Project
FoxEngine
A DirectX 11 engine I started because I wanted to understand what sits behind a rendered frame.
View repositoryFoxEngine started with a fairly simple question: what would I understand differently if I built the pieces myself? It has since become a place to dig into rendering, physics, scene management, input, and the bits that connect them.
The value for me is in the process. I implement something, find the gaps in my understanding, and usually come away with a better question than the one I started with.
Rendering
The renderer uses a physically based forward pipeline. Along the way I have added image-based lighting, directional and point-light shadows, HDR rendering, tone mapping, screen-space ambient occlusion, screen-space reflections, and transparent materials.
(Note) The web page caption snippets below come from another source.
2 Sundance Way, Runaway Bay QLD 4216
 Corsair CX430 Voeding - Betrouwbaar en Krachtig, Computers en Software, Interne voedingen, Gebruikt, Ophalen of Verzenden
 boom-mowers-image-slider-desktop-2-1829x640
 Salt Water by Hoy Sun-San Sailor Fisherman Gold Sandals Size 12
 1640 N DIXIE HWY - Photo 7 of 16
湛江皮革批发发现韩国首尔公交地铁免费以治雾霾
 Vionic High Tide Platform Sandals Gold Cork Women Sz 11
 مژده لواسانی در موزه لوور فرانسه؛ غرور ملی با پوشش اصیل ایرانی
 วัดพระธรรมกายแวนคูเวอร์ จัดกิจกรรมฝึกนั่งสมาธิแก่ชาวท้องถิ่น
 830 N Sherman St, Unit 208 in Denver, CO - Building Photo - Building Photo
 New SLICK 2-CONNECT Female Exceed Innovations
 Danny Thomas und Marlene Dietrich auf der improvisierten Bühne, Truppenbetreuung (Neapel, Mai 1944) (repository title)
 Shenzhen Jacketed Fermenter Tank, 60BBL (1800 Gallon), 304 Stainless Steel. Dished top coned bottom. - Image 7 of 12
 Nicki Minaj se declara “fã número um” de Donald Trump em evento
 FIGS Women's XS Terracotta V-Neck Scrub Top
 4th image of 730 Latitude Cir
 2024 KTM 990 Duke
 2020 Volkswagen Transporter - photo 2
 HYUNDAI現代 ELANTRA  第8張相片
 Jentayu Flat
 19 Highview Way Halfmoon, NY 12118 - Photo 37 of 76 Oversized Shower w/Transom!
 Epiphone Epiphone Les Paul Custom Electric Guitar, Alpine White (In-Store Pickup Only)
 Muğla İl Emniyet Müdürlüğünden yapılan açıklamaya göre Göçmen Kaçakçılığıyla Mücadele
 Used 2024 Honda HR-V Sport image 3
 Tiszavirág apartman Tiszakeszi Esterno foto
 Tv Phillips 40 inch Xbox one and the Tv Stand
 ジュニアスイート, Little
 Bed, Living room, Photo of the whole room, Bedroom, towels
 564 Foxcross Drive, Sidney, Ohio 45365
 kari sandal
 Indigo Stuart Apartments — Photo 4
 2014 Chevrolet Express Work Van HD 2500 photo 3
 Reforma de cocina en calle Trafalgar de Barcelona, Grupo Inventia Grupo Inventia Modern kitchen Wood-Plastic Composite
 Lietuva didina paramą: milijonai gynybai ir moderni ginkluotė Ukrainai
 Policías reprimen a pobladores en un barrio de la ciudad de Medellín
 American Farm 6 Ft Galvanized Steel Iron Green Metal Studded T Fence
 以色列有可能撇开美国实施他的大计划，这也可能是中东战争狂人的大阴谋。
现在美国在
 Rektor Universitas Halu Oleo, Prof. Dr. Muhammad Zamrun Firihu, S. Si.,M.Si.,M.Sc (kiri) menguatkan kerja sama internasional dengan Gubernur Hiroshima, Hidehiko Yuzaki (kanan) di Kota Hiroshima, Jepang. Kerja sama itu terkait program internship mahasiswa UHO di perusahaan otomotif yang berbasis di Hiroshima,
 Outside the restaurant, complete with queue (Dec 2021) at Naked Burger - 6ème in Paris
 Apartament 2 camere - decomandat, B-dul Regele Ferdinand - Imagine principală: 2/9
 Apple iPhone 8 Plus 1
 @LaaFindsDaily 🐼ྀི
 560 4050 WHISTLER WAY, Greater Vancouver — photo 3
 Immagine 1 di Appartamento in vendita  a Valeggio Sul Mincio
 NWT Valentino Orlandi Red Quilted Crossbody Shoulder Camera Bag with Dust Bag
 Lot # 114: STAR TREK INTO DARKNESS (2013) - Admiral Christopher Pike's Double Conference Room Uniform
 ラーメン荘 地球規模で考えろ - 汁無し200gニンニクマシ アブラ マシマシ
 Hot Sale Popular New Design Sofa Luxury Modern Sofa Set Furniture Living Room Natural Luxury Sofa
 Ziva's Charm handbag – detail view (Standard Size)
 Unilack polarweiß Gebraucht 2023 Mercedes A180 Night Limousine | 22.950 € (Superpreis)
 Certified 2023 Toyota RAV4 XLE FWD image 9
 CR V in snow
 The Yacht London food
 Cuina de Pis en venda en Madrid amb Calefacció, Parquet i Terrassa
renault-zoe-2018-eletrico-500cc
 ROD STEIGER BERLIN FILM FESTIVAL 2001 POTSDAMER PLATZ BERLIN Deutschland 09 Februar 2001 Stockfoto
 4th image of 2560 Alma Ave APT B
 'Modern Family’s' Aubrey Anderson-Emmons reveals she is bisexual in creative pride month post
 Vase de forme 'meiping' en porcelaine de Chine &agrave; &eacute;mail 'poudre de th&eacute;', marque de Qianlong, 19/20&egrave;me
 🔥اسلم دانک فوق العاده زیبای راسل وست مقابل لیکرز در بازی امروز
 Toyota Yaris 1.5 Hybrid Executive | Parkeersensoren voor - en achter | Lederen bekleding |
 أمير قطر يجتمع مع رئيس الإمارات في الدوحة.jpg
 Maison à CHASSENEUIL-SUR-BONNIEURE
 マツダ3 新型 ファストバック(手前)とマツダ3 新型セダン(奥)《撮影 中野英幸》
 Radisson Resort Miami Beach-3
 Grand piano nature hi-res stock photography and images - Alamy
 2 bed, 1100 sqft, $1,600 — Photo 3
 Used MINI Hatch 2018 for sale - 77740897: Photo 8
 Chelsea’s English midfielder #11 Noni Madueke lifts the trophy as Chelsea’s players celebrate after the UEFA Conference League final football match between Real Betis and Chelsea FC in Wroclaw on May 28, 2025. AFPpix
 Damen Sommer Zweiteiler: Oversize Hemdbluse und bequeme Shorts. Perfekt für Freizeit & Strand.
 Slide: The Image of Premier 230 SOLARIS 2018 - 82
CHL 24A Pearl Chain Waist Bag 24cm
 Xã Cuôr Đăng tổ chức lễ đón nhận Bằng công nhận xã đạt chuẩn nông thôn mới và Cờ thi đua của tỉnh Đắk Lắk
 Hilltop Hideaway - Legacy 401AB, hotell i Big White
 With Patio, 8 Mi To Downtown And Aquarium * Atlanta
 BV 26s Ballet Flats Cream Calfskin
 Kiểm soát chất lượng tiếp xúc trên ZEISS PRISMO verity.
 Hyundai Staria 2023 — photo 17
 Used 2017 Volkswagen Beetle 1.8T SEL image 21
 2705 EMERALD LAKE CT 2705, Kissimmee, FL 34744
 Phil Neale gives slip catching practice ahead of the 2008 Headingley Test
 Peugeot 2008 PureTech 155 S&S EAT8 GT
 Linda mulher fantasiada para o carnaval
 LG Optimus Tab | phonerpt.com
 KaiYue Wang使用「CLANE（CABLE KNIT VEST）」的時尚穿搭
Opaque objects are sorted front to back, transparent objects back to front, and the render queue handles frustum culling. Building these pieces myself has made their trade-offs much easier to understand.
Scenes and assets
Scenes use an entity/component structure with parent-child transforms and JSON scene descriptions. Assimp handles mesh imports, while DirectXTex and Windows Imaging Component handle textures.
There is a small resource cache and asset pipeline, but no full editor. ImGui provides the practical debugging and inspection tools I need while working on it.
Physics and input
The physics code covers basic rigid-body dynamics, raycasting, collision response, and narrow-phase tests for axis-aligned boxes, oriented boxes, and spheres. Input comes through Win32 raw input and XInput.
None of these systems tries to cover every use case. They are there because writing a smaller version is often the best way for me to understand what the larger one is doing.